Hacker News new | past | comments | ask | show | jobs | submit login
Random numbers need not be uniform (wikipedia.org)
25 points by RiderOfGiraffes on June 14, 2010 | hide | past | favorite | 32 comments



Of course not. There are whole books on the subject: http://cg.scs.carleton.ca/~luc/rnbookindex.html


For what it is worth: here is an example of a non-uniform random variate:

  a = [0,0,0,0,0,0,0,0,0,0]
  1000.times do
    a[5 *(rand + rand)] += 1
  end
results in (actual numbers may vary randomly):

  irb(main):020:0> a
  => [28, 60, 96, 151, 171, 168, 146, 96, 63, 21]


I am disappointed, I thought you were about to link something stating that "it is not correct to always consider unknown random variables to be uniformly distributed" (take 1/X for instance of why this is wrong). Instead, Benford's law...


The phrase "Random numbers need not be uniform" is a really bad title for this. Random numbers are by definition uniformly distributed.

What you are referring to here is Benford's Law. Why not simply say that in the title?


This is really a bad title, but random numbers indeed need not be uniformly distributed - for example Gauss distributed numbers aren't distributed uniformly (from definition:).


I don't understand in what sense numbers drawn from a Gaussian distribution would be considered random.


If the random variable that we measure has Gaussian distribution - the numbers we read will have Gaussian distrubuition, and will be random.

Other example - rolling dice with 5 sides signed "6" and one side signed "1" - results will be random, but the resulting distribution won't be uniform.

Uniform distribution is special case of random distribution.


"Uniform distribution is special case of random distribution."

What is a random distribution? I think you meant probability distribution.


Indeed - sorry - my math Enlish isn't very good.


Ah. Fair enough. That's a rather interesting case, and what I assume is not what people think of when you say random number. I assume that people think of a uniform distribution (i.e equally likely numbers).


Speak for yourself. Gaussian distributions are ubiquitous (thanks to the Central Limit Theorem), while uniform distributions only exist in the realm of pseudo-number generators and little else.

I think that the point you're trying to make is that a random variable with a uniform distribution is more "random" than a random variable with a gaussian distribution. The metric you're implying is called entropy, as a uniform distribution is maximally entropic.


You're probably right that people who haven't taken a course in probability are likely to use "random" to mean "uniformly at random". And of course, most people haven't taken a course in probability.


I would assert that people don't even know how to conceptualize the question in these terms ("random number" == "uniform distribution").

After you do study probability (by gambling, by lab work, by quantitative programming, or, least fun, in coursework), you get introduced to the "right questions to ask", like:

"what's the distribution", "are the samples independent", "what are you conditioning upon"

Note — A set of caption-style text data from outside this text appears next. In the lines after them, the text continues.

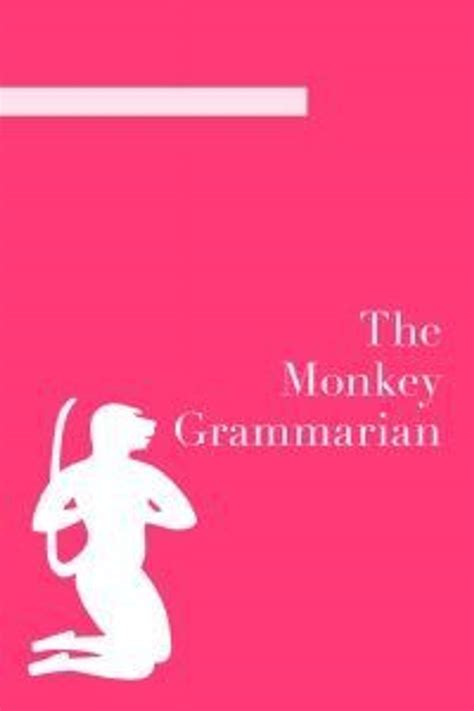 The Monkey Grammarian Doc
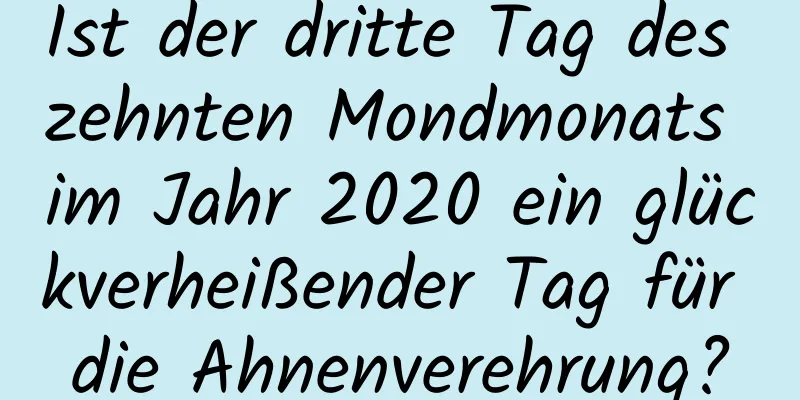 Ist der dritte Tag des zehnten Mondmonats im Jahr 2020 ein glückverheißender Tag für die Ahnenverehrung?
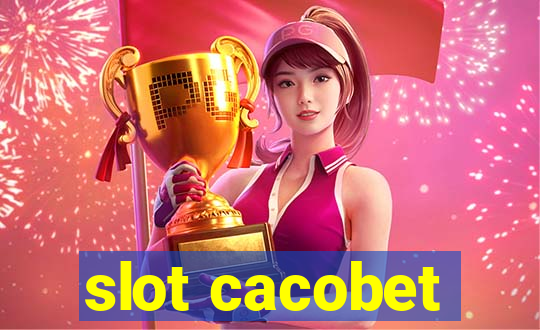 slot cacobet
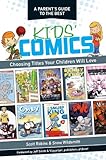 A Parent's Guide to the Best Kids' Comics: Choosing Titles Your Children Will Love by Scott Robins, Snow Wildsmith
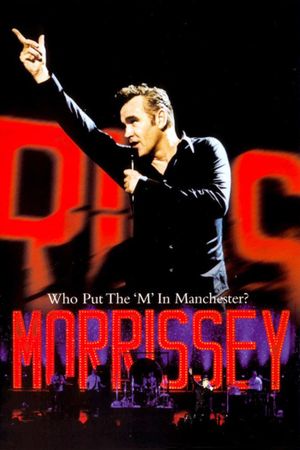 Morrissey: Who Put the 'M' in Manchester?'s poster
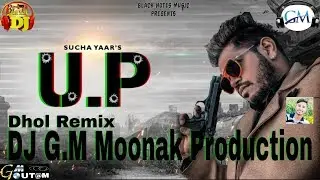 U.P Sucha Yaar (Dhol Remix) | DJ G.M Moonak Production | Ft Lahoria Production Remix 2019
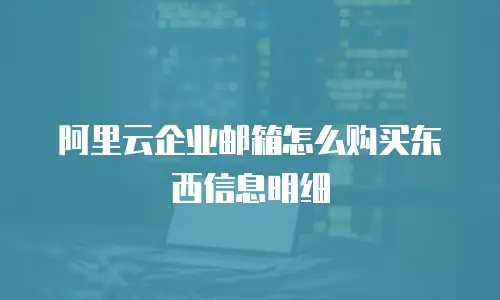 阿里云企业邮箱怎么购买东西信息明细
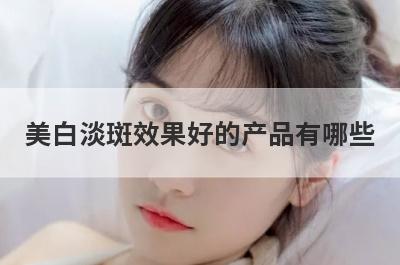 美白淡斑效果好的产品有哪些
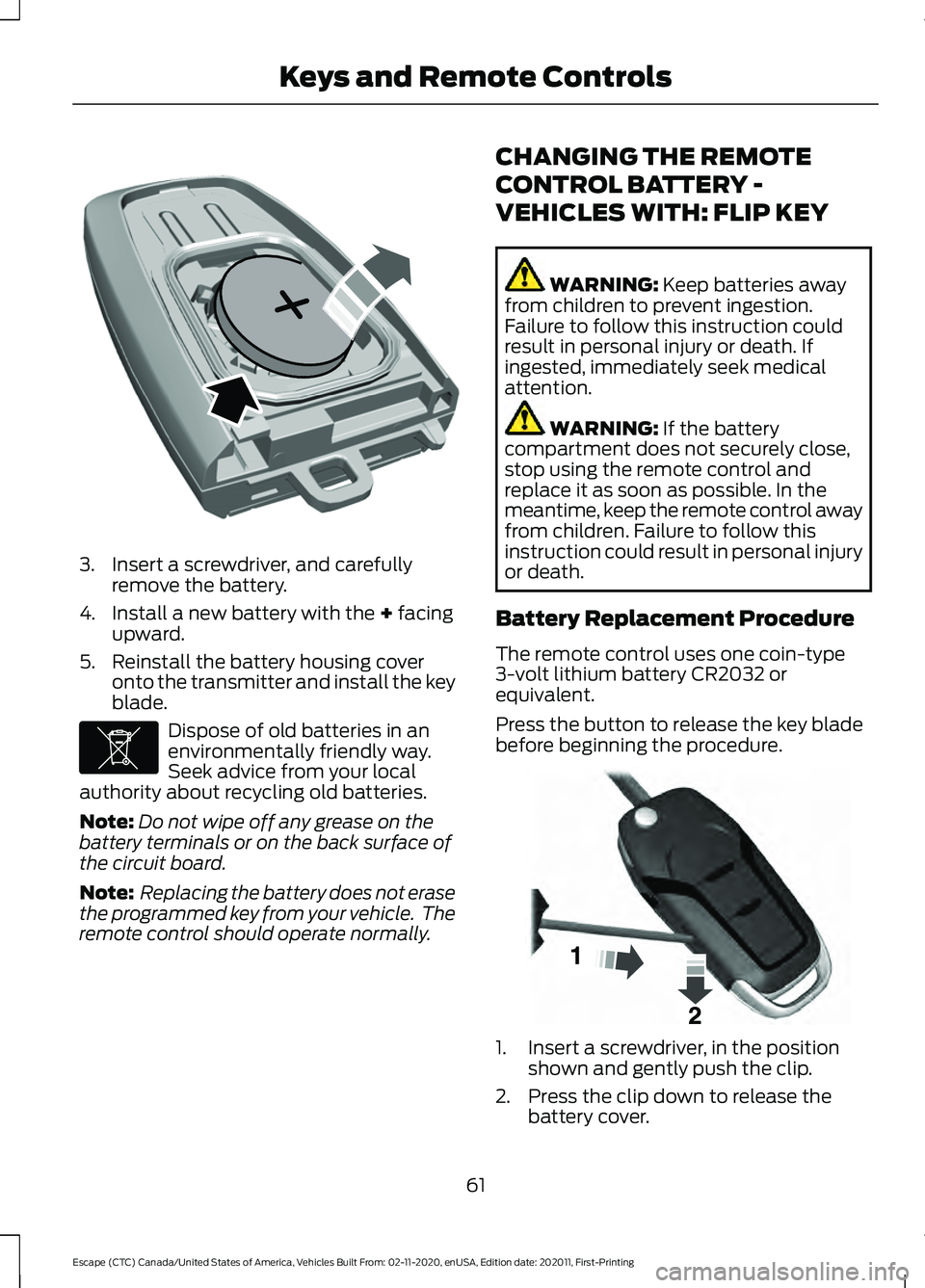 FORD ESCAPE 2021 Repair Manual 3. Insert a screwdriver, and carefully
remove the battery.
4. Install a new battery with the + facing
upward.
5. Reinstall the battery housing cover onto the transmitter and install the key
blade. Dis FORD ESCAPE 2021 Repair Manual 3. Insert a screwdriver, and carefully
remove the battery.
4. Install a new battery with the + facing
upward.
5. Reinstall the battery housing cover onto the transmitter and install the key
blade. Dis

For instance, many people don't know that the distribution of the sum of two dice looks very different than just one die. They're both random, but not both uniform. Often people know something's weird, but can't formulate the question because they don't have the language.


I've actually looked at ways of combining die rolls so that there are an x and y variable applied to them and they produce as Gaussian distribution:

Increasing the x would decrease the range of the distribution, while increasing the y would increase the magnitude of the distribution.

I never found something simple enough for what I wanted to apply it to (a game).


I thought the sum of several dice rolls was a Gaussian distribution to start with. What more do you need just roll say 10 dice and then pick a threshold value?


Exactly. 3d6 is already pretty close, and it just gets closer and closer to the gaussian as you increase the number of dice. And it's bounded, too, so you get minimum and maximum values.


I don't understand in what sense numbers drawn from a uniform distribution would be considered random.


Do you think the result of rolling two dice and adding them is random?


The numbers' only relationship is to the distribution, not each other or some other process.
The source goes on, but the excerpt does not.